Mason's first employment was as tutor and chaplain in the family of Samuel Feake, near Hatfield, Hertfordshire. In 1729, he became minister of the Presbyterian congregation at Dorking, Surrey. He moved in July 1746, to succeed John Oakes as minister of a congregation at Carbuckle Street (or Crossbrook), Cheshunt, formed by a union in 1733 of Presbyterians and Independents.

Mason died at Cheshunt on 10 February 1763, and was buried in the parish churchyard. His funeral sermon was preached on 20 February by John Hodge, D.D., Presbyterian minister at Crosby Square, London.

==Views==
Mason's theological positions were for the most part conservative, and moderately stated. He claimed the theory of Christ's temptation put forth in 1761 by Hugh Farmer; but Mason retained the belief in the reality of miracles performed by Satanic agency, against Farmer.

==Works==
Mason published, besides separate sermons, 1740–1756:

- A Plain and Modest Plea for Christianity, 1743, (anon., effectively a reply to Christianity not founded on Argument, 1742, by Henry Dodwell.
- Self-Knowledge: a Treatise, 1745, six editions before 1763; of later editions, that of 1811, edited by J. M. Good, with Life, has been considered accurate.

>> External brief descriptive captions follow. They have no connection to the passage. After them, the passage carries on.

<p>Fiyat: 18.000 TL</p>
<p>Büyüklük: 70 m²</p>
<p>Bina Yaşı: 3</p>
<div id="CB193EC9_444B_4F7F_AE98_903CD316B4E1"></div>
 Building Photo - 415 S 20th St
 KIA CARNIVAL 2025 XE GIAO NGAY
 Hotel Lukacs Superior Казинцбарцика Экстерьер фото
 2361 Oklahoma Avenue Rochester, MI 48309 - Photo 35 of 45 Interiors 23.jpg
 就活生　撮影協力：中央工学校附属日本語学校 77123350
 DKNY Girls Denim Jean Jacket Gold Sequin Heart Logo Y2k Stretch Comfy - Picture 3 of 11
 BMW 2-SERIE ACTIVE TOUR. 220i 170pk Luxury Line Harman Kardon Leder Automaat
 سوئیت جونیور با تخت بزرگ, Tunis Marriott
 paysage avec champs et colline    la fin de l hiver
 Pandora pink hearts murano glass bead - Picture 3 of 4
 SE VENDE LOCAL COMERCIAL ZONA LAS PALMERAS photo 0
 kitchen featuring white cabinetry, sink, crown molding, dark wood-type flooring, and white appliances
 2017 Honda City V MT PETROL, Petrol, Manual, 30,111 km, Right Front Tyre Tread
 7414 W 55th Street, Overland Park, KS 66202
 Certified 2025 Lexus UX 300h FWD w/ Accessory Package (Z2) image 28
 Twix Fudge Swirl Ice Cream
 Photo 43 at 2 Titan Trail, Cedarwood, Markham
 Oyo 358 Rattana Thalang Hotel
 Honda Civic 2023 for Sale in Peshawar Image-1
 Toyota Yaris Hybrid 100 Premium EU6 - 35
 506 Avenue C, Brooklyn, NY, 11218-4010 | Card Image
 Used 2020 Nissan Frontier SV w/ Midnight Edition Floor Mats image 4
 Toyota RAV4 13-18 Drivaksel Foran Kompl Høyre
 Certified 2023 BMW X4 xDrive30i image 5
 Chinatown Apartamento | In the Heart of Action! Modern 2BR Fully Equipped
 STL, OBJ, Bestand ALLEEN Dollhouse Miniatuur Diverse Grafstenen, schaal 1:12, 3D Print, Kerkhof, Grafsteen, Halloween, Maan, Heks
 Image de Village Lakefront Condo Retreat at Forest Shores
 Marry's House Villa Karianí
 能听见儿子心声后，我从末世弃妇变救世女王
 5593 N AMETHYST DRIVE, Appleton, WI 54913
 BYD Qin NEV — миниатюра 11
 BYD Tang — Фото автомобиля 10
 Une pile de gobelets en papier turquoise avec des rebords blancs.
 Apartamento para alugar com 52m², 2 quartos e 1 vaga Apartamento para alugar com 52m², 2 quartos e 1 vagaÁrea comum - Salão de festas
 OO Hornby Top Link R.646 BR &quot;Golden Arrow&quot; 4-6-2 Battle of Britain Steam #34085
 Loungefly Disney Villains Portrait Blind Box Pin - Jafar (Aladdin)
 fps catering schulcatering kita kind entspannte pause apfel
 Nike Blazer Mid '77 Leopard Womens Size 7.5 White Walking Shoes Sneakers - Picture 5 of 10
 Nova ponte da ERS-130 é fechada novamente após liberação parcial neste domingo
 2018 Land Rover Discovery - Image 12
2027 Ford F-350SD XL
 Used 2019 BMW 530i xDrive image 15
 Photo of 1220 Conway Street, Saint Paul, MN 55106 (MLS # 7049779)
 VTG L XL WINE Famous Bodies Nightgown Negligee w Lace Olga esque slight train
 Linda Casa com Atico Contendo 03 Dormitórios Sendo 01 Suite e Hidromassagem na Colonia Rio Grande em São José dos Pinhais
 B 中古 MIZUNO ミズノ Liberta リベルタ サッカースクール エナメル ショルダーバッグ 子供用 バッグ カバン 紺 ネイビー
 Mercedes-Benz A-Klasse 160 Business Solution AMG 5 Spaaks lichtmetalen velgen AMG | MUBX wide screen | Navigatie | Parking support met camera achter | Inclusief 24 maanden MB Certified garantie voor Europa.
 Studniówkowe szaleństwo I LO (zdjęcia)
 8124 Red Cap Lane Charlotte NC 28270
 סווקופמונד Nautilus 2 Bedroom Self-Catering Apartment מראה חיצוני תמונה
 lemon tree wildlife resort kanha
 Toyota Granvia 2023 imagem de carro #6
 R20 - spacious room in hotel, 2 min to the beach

It has been translated into Welsh, Hunan-Adnabyddiaeth, Carmarthen, 1771.
- An Essay on Elocution, 1748; two editions same year; 3rd edit. 1751; 4th edit. 1761.
- An Essay on the Power of Numbers and the Principles of Harmony in Poetical Compositions, 1749; 2nd edit. 1761.
- An Essay on the Power and Harmony of Prosaic Numbers, 1749; 2nd edit. 1761.
- The Lord's Day Evening Entertainment, 1752, 4 vols. (52 practical discourses).
- A Letter to a Friend on his Entrance on the Ministerial Office, &c., 1753.
- The Student and Pastor, 1755; 2nd edit. [1760].
- Fifteen Discourses, Devotional and Practical, 1758.
- Christian Morals, 1761, 2 vols.

Posthumous was The Tears of the Dying annihilated by the Hope of Heaven, a Dialogue. 1826, ed., with Memoir, by John Evans. Sermons by Mason are in The Protestant System, 1758, vol. ii.; in The Practical Preacher, 1762, vol. ii.; and in Sermons for Families, 1808, ed. James Hews Bransby.

Mason was said to have received, for his early works and at the suggestion of John Walker, D.D., classical tutor at Independent College, Homerton, the diploma of M.A. from Edinburgh University. He edited Sermons to Young People, 1747, by John Oakes, his predecessor at Cheshunt. He undertook the training of students for the ministry. Selections from his tutorial lectures were published in the Protestant Dissenter's Magazine,’1794–6. They begin September 1794, p. 190, under the heading Lectiones Polemicæ. By the late Rev. John Mason, A.M., of Cheshunt.

==Family==
Mason married at Dorking in 1732 Mary Walters, daughter of the Rev. James Walters of Uxbridge. His niece married Peter Good, Congregationalist minister, and was mother of John Mason Good.